Rousseff Says Cost to Host Brazil’s World Cup Worth the ResultAnna Edgerton
President Dilma Rousseff rejected criticism of World Cup spending, saying preparations for the soccer tournament will improve Brazil’s infrastructure and stimulate the economy. She said Brazil is ready to host the games.
“The result and final celebration are worth the effort,” she said yesterday in a televised address to the nation, two days before the first match. “Brazil overcame the main obstacles and is prepared for the Cup, on and off the field.”
Works designed to accommodate tourists for the matches will result in an almost doubling of airport capacity and a more modern system of public transportation, she said. Rousseff dismissed reports that Brazil won’t be ready for the games, ruling out the risk of a power failure while saying fans can enjoy the matches safely in any of the 12 host cities.
Public opinion polls show Rousseff losing support ahead of presidential elections in October as voters grow increasingly skeptical about the benefits of hosting the tournament. More than 1 million Brazilians protested in the streets last year against issues including government spending priorities and poor public services during the Confederations Cup, a warm-up for the World Cup.
About 60 percent of Brazilians oppose hosting the World Cup because it diverts money away from public services, according to a Pew Research survey released June 3. The poll of 1,003 people from April 10-30 has a margin of error of plus or minus 3.8 percentage points.
Brazil invested about 8 billion reais ($3.6 billion) to build and refurbish stadiums for the games, almost four times the amount it told soccer’s governing body arenas would cost in the 2007 hosting file. The financing was made possible by a combination of federal banks as well as local state governments and private resources, the president said yesterday evening.
Rousseff played down concerns the government was shirking its duty to invest in social services, saying from 2010 to 2013 it spent 212-times more on health care and education than stadiums. She added that arenas would benefit Brazil after the tournament ends, serving as multiuse venues for sporting events, shows and in some cases commercial areas.
“The Cup doesn’t just represent spending, but also brings with it benefits for the country,” said Rousseff, a trained economist. “It injects billions of reais into the economy. It creates jobs.”
Nearly four years of above-target inflation and the slowest economic growth during any presidency since Fernando Collor, who stepped down in 1992 amid a corruption scandal, have taken their toll on Rousseff’s electoral prospects.
Voter support for Rousseff fell to 34 percent in June from 37 percent in May, according to a Datafolha poll that pitted her against other potential candidates. The June 3-5 poll published on Folha de Sao Paulo’s website has a margin of error of 2 percentage points.

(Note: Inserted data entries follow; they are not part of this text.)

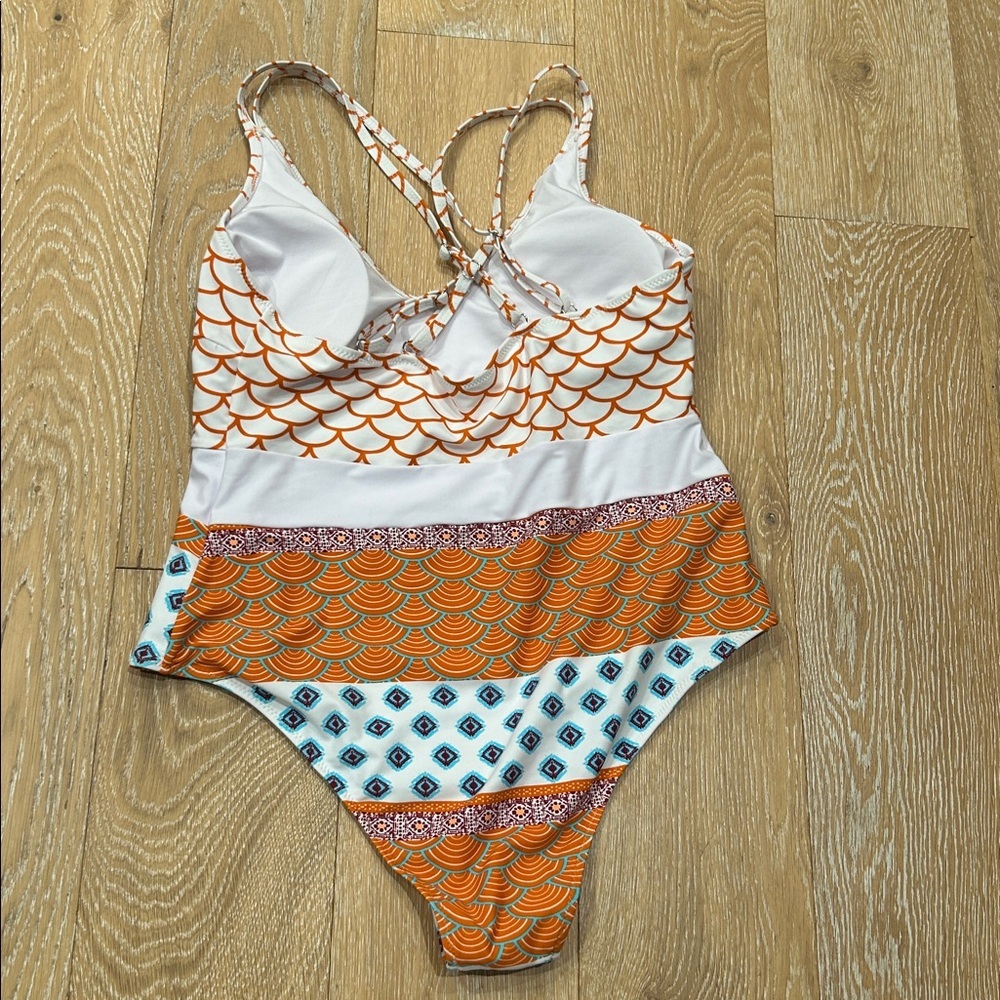 Cupshe Swimsuit - Picture 5 of 10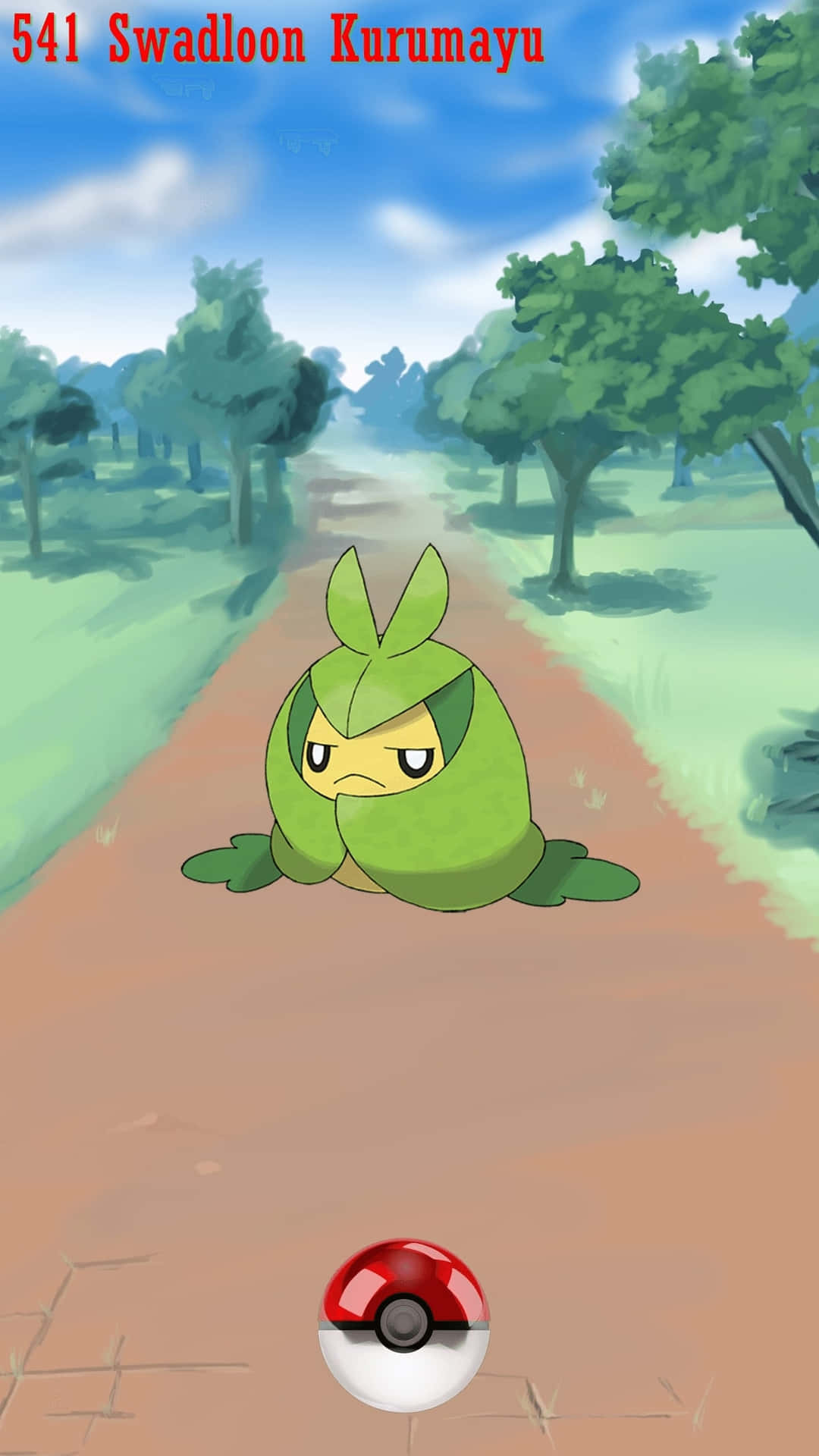 一隻綠色嘅Swadloon Pokémon坐喺森林嘅泥路上，下面有一個精靈球。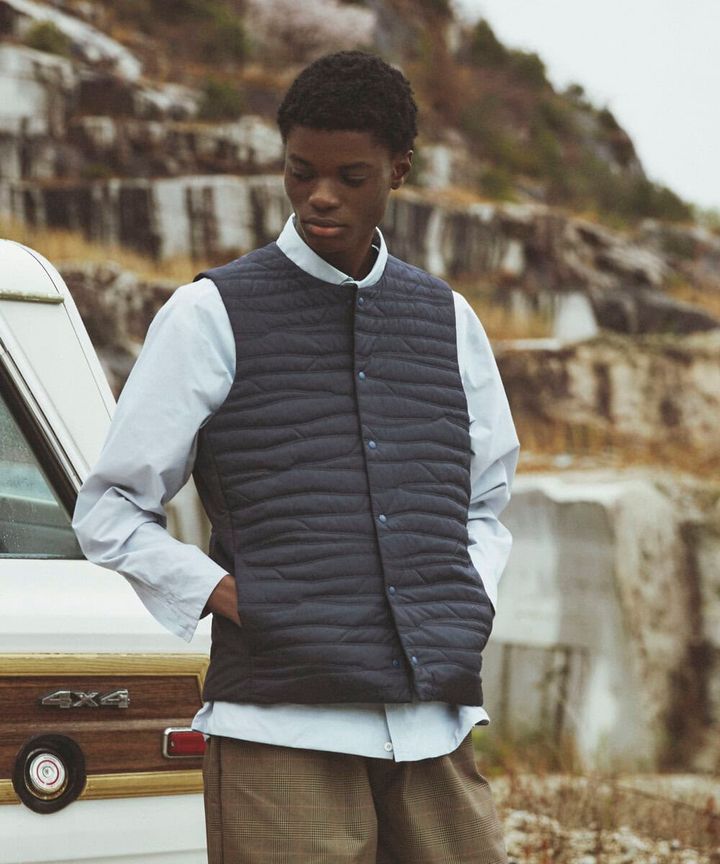 HUNTING WORLD CRAFTED BY DESCENTE.LAB（ハンティングワールド クラフテッド バイ デサント.ラボ）から、セットアップからダウンまで、秋冬を快適にするレイヤーアイテム がリリースする。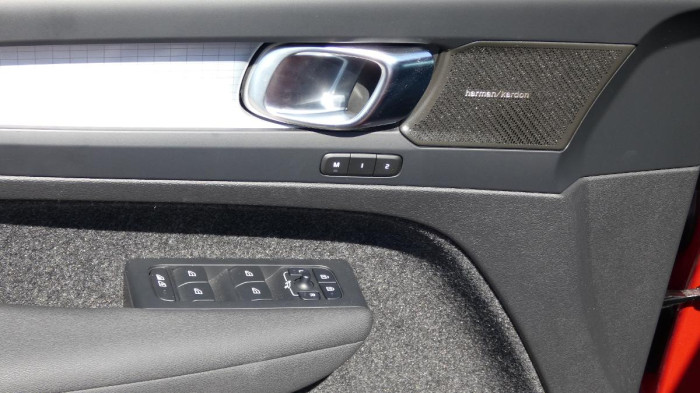 Volvo XC40 B4 AWD Core DCT na operativní leasing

World Cup organizing committee member and former Brazil national team player Ronaldo said last month he was appalled by preparations. Less than half of the projects will be complete in time for the opening game and soccer’s governing body told more than 1,000 fans they would have to exchange tickets because their seats haven’t been installed in time.
Rousseff yesterday said stadiums and airports are ready.
“For any country, organizing a Cup is like playing a game that’s difficult -- and often times painful,” she said. “In the game that starts now, the pessimists already are losing.”